# DVT and Still MTB?



## fred-da-trog (Oct 28, 2003)

I'm looking for advice from those experienced. I was released from the hospital a few days ago with blood thinners and pain meds. My initial thoughts are start slow, ride mild terrain and cover the normally exposed arms and legs. Thoughts?


----------



## SWriverstone (Sep 3, 2009)

Wow, tough question Fred! Not sure anyone here is qualified to answer...but starting slow, riding mild terrain, and covering the exposed arms and legs sounds reasonable to me.
Scott


----------



## Boomchakabowwow (Sep 8, 2015)

my boss is an avid cyclist and runner. he suffered this.

i vote you do exactly what the doctor says. i know he took it easy for a while. but he's back. he is running the NYC marathon coming up.


----------



## coyotegulch (Jun 25, 2008)

I am in the medical field and say +1 to following your doctor's advice.


----------



## Velobike (Jun 23, 2007)

fred-da-trog said:


> I'm looking for advice from those experienced. I was released from the hospital a few days ago with blood thinners and pain meds. My initial thoughts are start slow, ride mild terrain and cover the normally exposed arms and legs. Thoughts?


I've had 2 serious episodes shortly after long haul flights resulting in ambulance trips, sirens etc, intensive care, and cardiac ward. (I don't do long haul flights anymore!)

After the second episode I was put on blood thinners permanently, and so far so good.

Firstly do what your doc says, but make sure he's a cyclist. 

The blood thinners seemed to work really well and I was itching to get out and at it very quickly.

I asked the doc if it was ok to do a bit of cycling, and he felt exercise was good, just don't fall off onto anything sharp or get internal injuries. (I forgot to mention what "a bit of cycling" meant in my case)

So I did a 24 hour race 6 weeks after my first hospitalisation, and 2 months after the second.

I do take a bit more care in my riding now, and avoid high speed descents to minimise the chances of a serious impact. I bleed like a stuck pig if I hit thorns - it looks very dramatic. 

But again, check with your doctor.
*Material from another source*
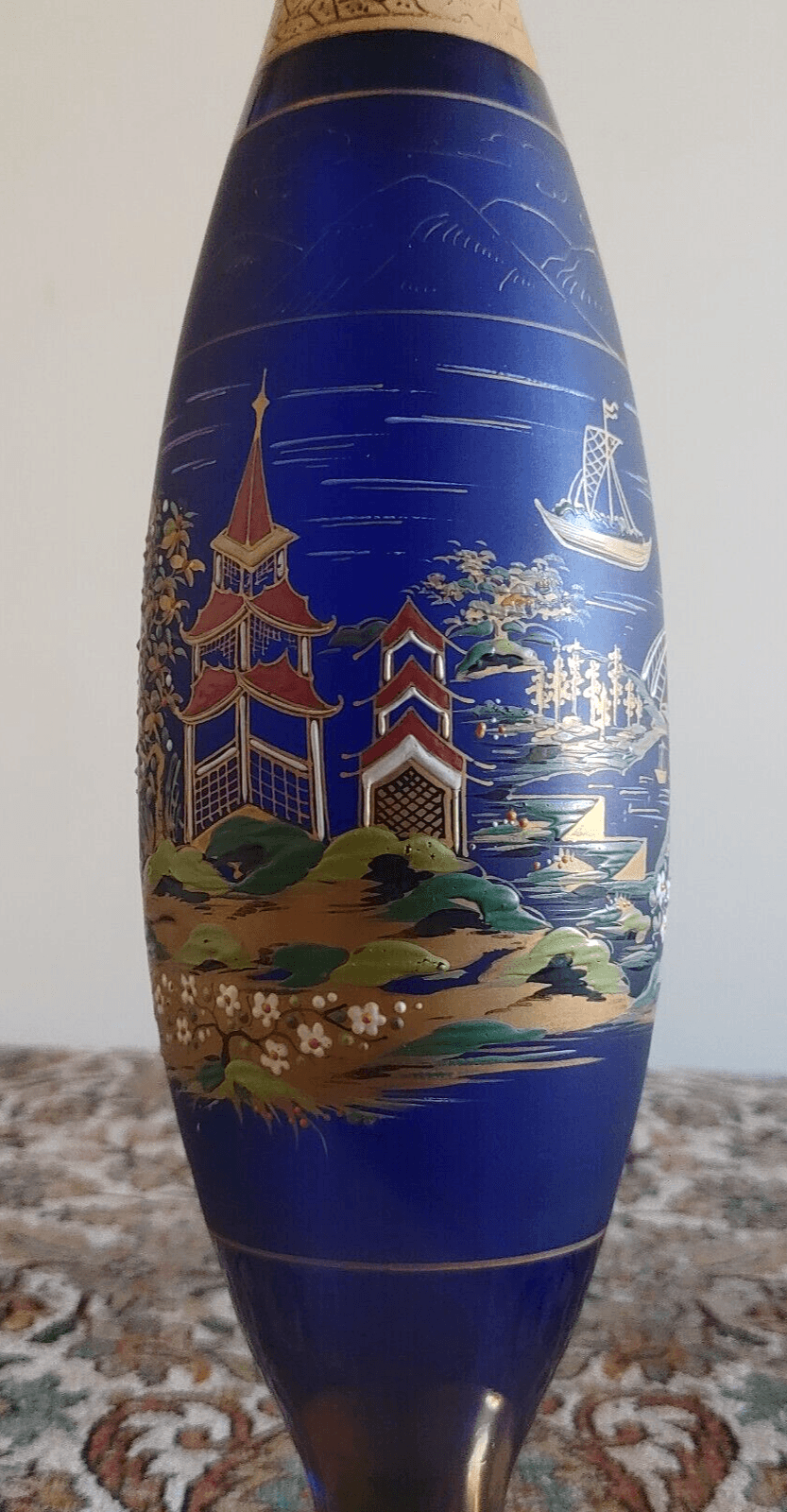 Bohemian Czech Enamelled Japanese Pagoda Gilt Cobalt Blue Glass Vase 32cm - Tommy's Treasure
I was in pretty good condition before the flights so maybe my recovery was easier.


----------



## Eric Malcolm (Dec 18, 2011)

Velo, I am sure you did not explain to your doctor precisely the scale of what you cycle!!

I would think he was expecting you to ride down to the local to shop and return home while wrapped up in cotton wool.

Eric


----------



## Miker J (Nov 4, 2003)

Assuming it's something like Coumadin, Xarelto, etc...

No mountain biking.


----------



## Velobike (Jun 23, 2007)

Miker J said:


> Assuming it's something like Coumadin, Xarelto, etc...
> 
> No mountain biking.


I'm on Xarelto.


----------



## Miker J (Nov 4, 2003)

Velobike said:


> I'm on Xarelto.


Hopefully you'll be off the thinner in 3-6 months, then return.

In the meantime, work on the motor with less hazardous activities. Winter is coming up anyway.


----------



## Velobike (Jun 23, 2007)

Miker J said:


> Hopefully you'll be off the thinner in 3-6 months, then return.
> 
> In the meantime, work on the motor with less hazardous activities. Winter is coming up anyway.


I'm on it for life.

Turns out I have a genetic propensity to clots.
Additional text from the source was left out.